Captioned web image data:
--
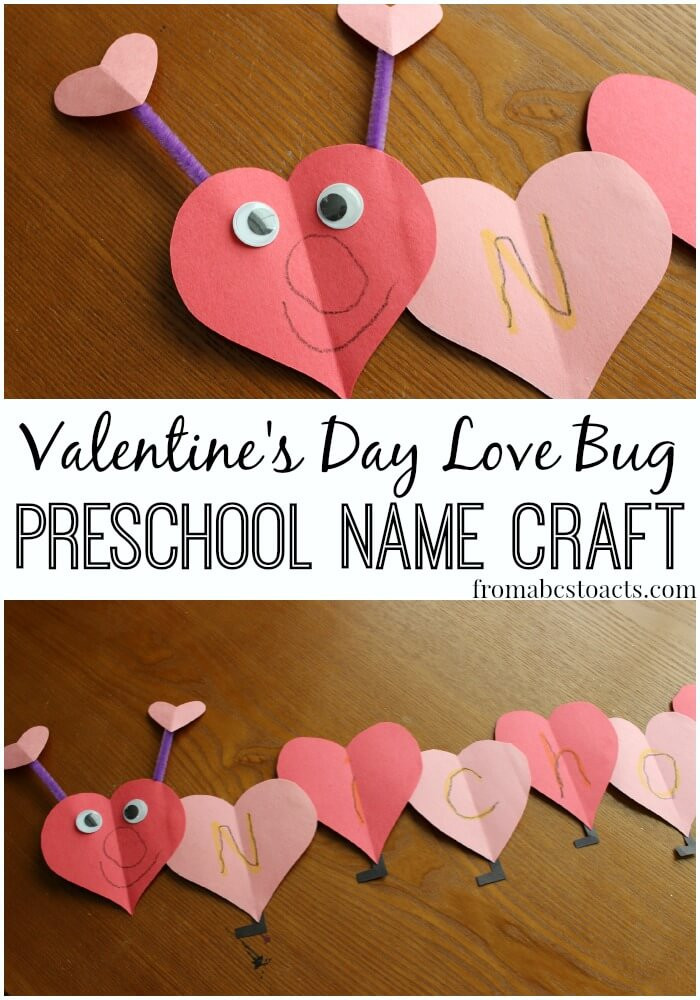 Best ideas about Valentine Crafts Ideas For Preschoolers
. Save or Pin Love Bug Name Craft for Preschoolers Now.
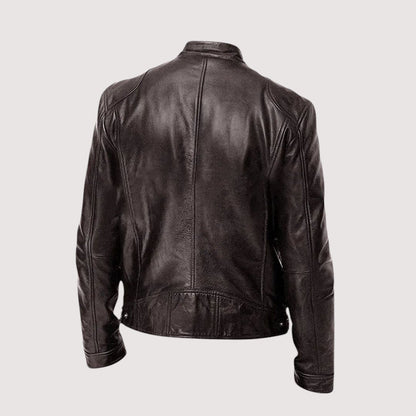 Mark | Chaqueta Biker Ajustada con Cremallera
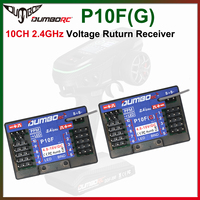 DUMBORC P10F P10FG 10CH 2.4GHz Receiver Gyro Voltage Return RX for X10P-350 DDF-350 Transmitter Car Boat Tank Remote Control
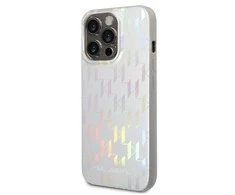 Dėklas Karl Lagerfeld Karlas Lagerfeldas KLHCP14LLGMMSV3 iPhone 14 Pro 6.1 "kietasis sidabrinis / sidabrinis monograma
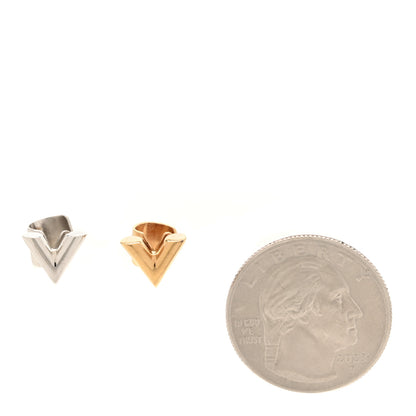 Louis Vuitton Essential V Ear Cuff Set Silver Gold 2 of 3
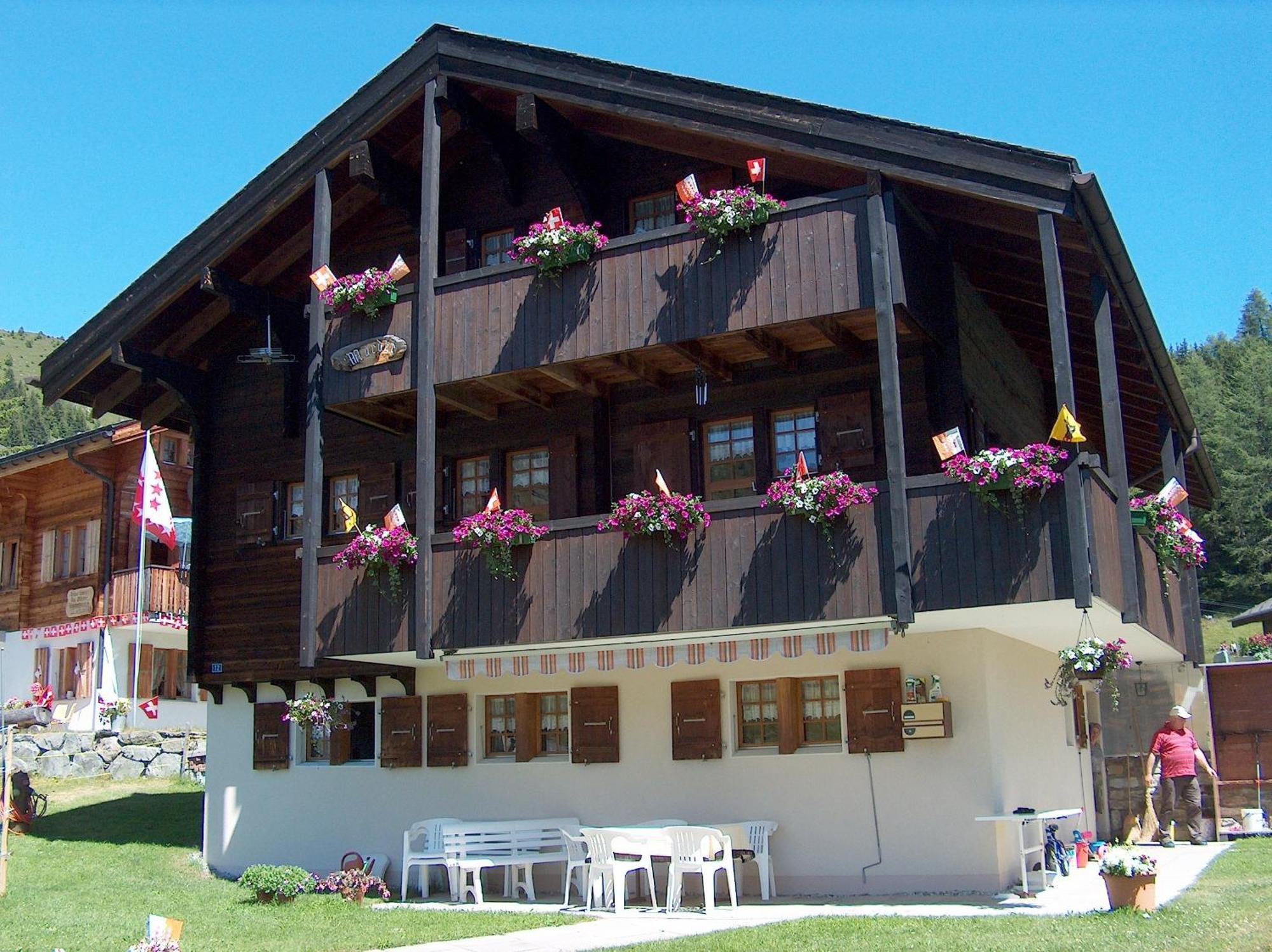 Chalet Marder Riederalp Eksteriør bilde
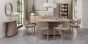 Vega Scandi Oak & Peppercorn Oval Console Table by Bentley Designs | Style Our Home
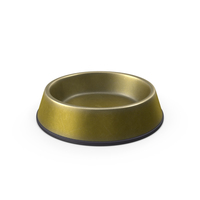 Realistic Pet Bowl Metal Gold PNG & PSD Images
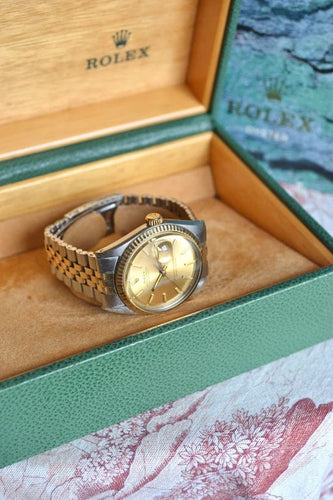 Montre Rolex Datejust 1601 - Montre 36 mm en or jaune et acier 58 Facettes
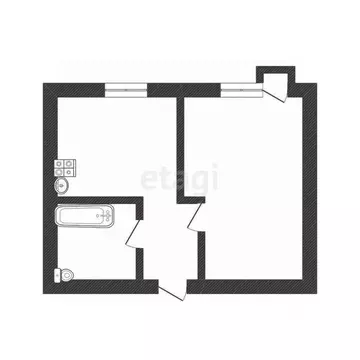 1-к кв. Смоленская область, Смоленск Зои Космодемьянской пер., 4 (20.9 ...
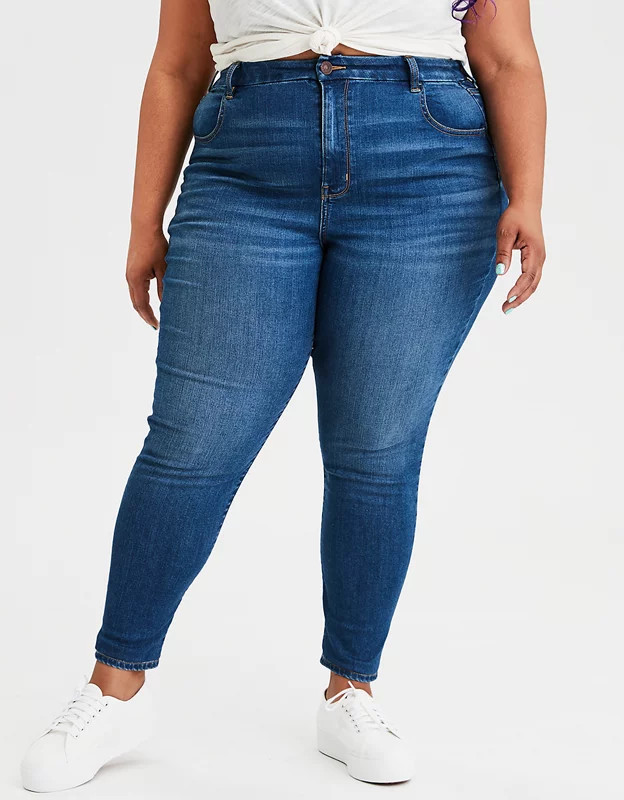 AE Ne(x)t Level Curvy High-Waisted Jegging | American Eagle Outfitters (US & CA)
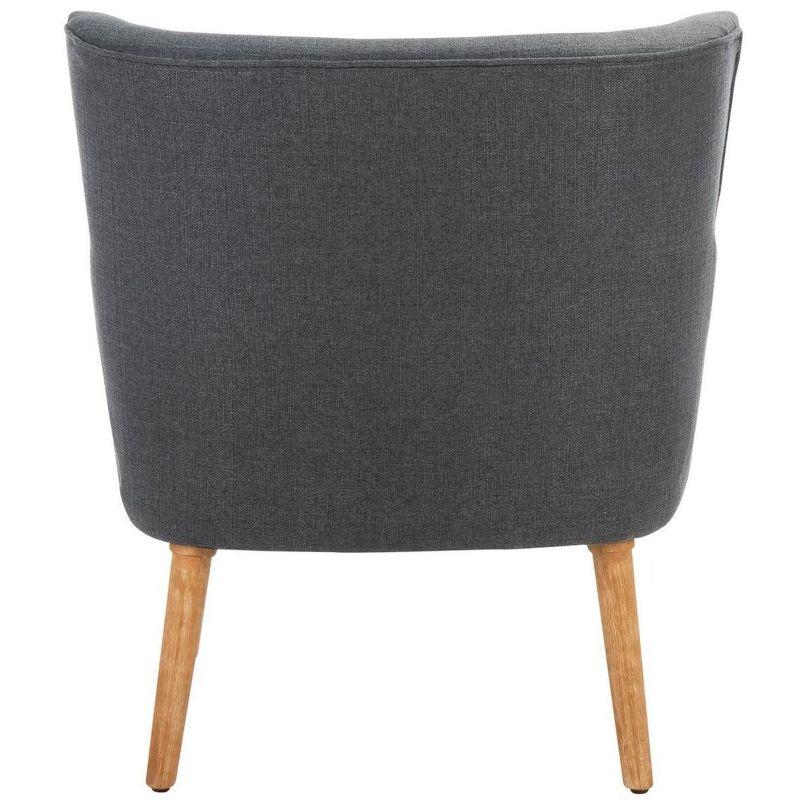 Delfino Accent Chair - ACH4009 - Dark Grey - Safavieh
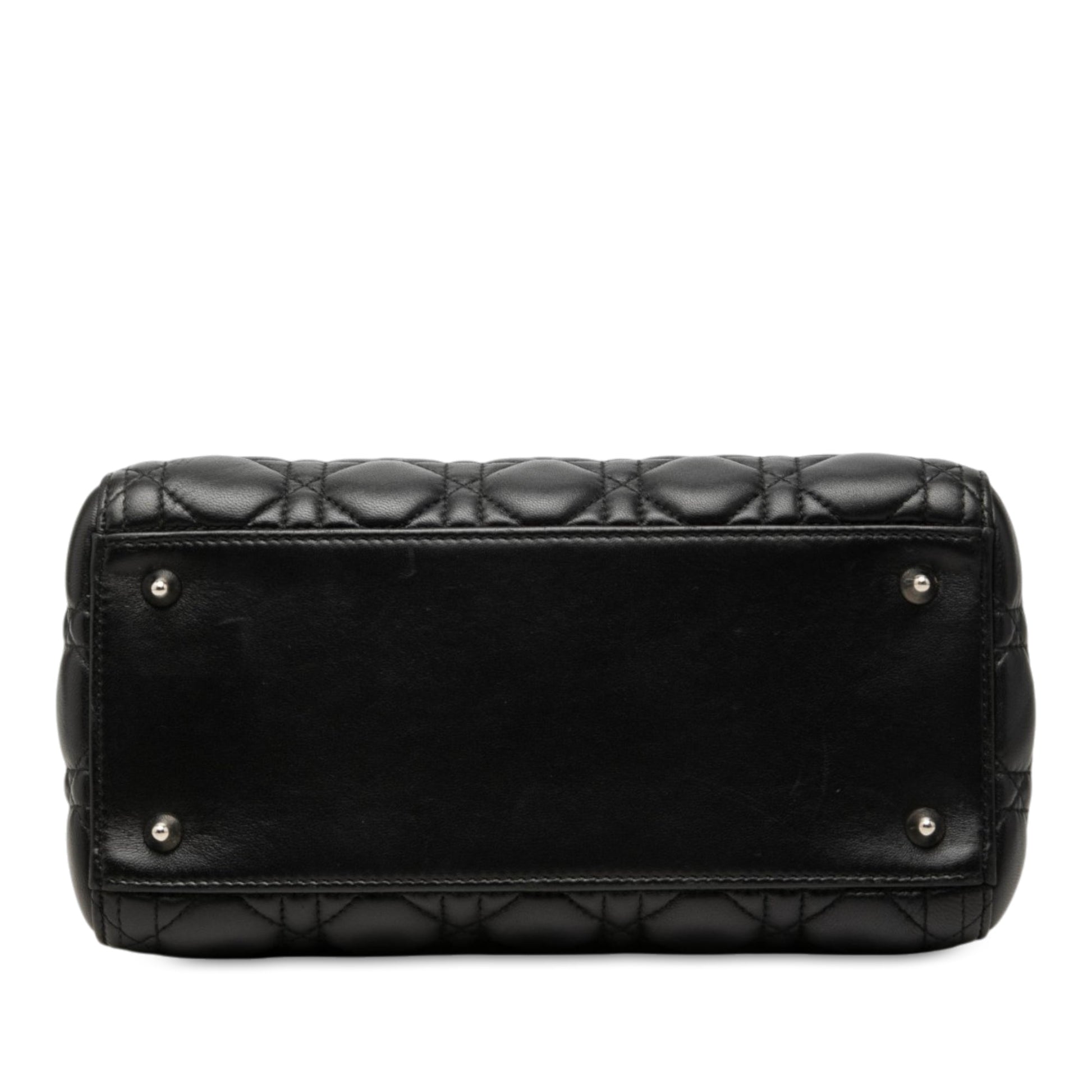 Dior Medium Lambskin Cannage Lady Dior
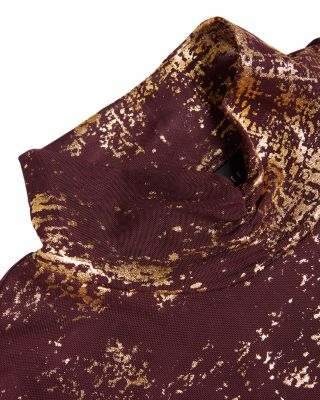 Sofiy Foil Print Mesh top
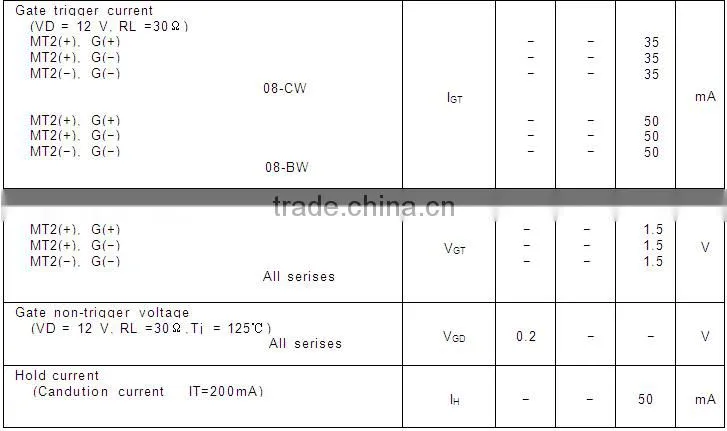three terminal triac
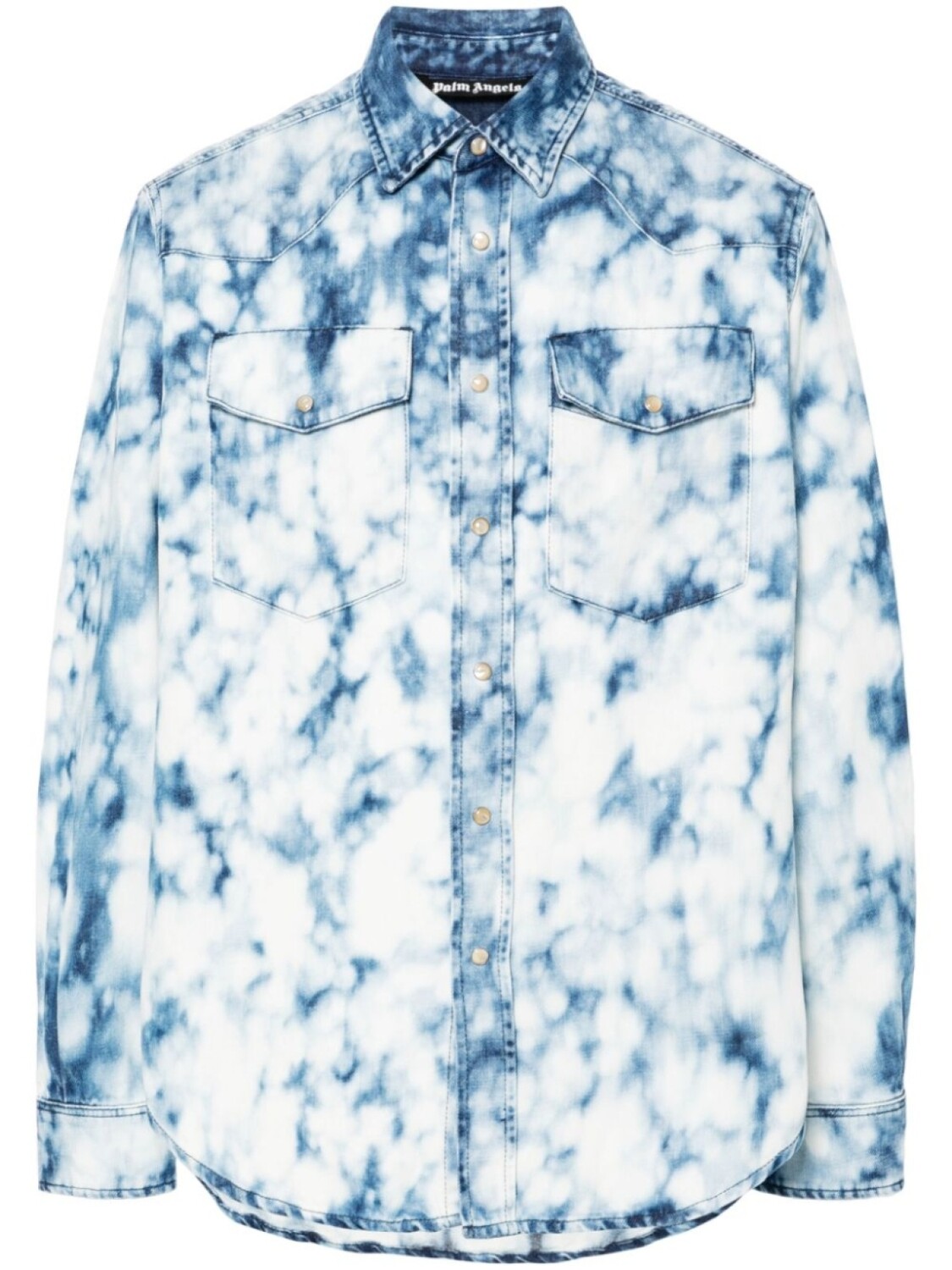 

Palm Angels джинсовая рубашка Summer, синий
--
§ Prompt: Please repeat the records above exactly, leaving every picture out.

§ Problem solution:
 Best ideas about Valentine Crafts Ideas For Preschoolers
. Save or Pin Love Bug Name Craft for Preschoolers Now.
 Mark | Chaqueta Biker Ajustada con Cremallera
 DUMBORC P10F P10FG 10CH 2.4GHz Receiver Gyro Voltage Return RX for X10P-350 DDF-350 Transmitter Car Boat Tank Remote Control
 Dėklas Karl Lagerfeld Karlas Lagerfeldas KLHCP14LLGMMSV3 iPhone 14 Pro 6.1 "kietasis sidabrinis / sidabrinis monograma
 Louis Vuitton Essential V Ear Cuff Set Silver Gold 2 of 3
 Chalet Marder Riederalp Eksteriør bilde
 Vega Scandi Oak & Peppercorn Oval Console Table by Bentley Designs | Style Our Home
 Realistic Pet Bowl Metal Gold PNG & PSD Images
 Montre Rolex Datejust 1601 - Montre 36 mm en or jaune et acier 58 Facettes
 1-к кв. Смоленская область, Смоленск Зои Космодемьянской пер., 4 (20.9 ...
 AE Ne(x)t Level Curvy High-Waisted Jegging | American Eagle Outfitters (US & CA)
 Delfino Accent Chair - ACH4009 - Dark Grey - Safavieh
 Dior Medium Lambskin Cannage Lady Dior
 Sofiy Foil Print Mesh top
three terminal triac

Palm Angels джинсовая рубашка Summer, синий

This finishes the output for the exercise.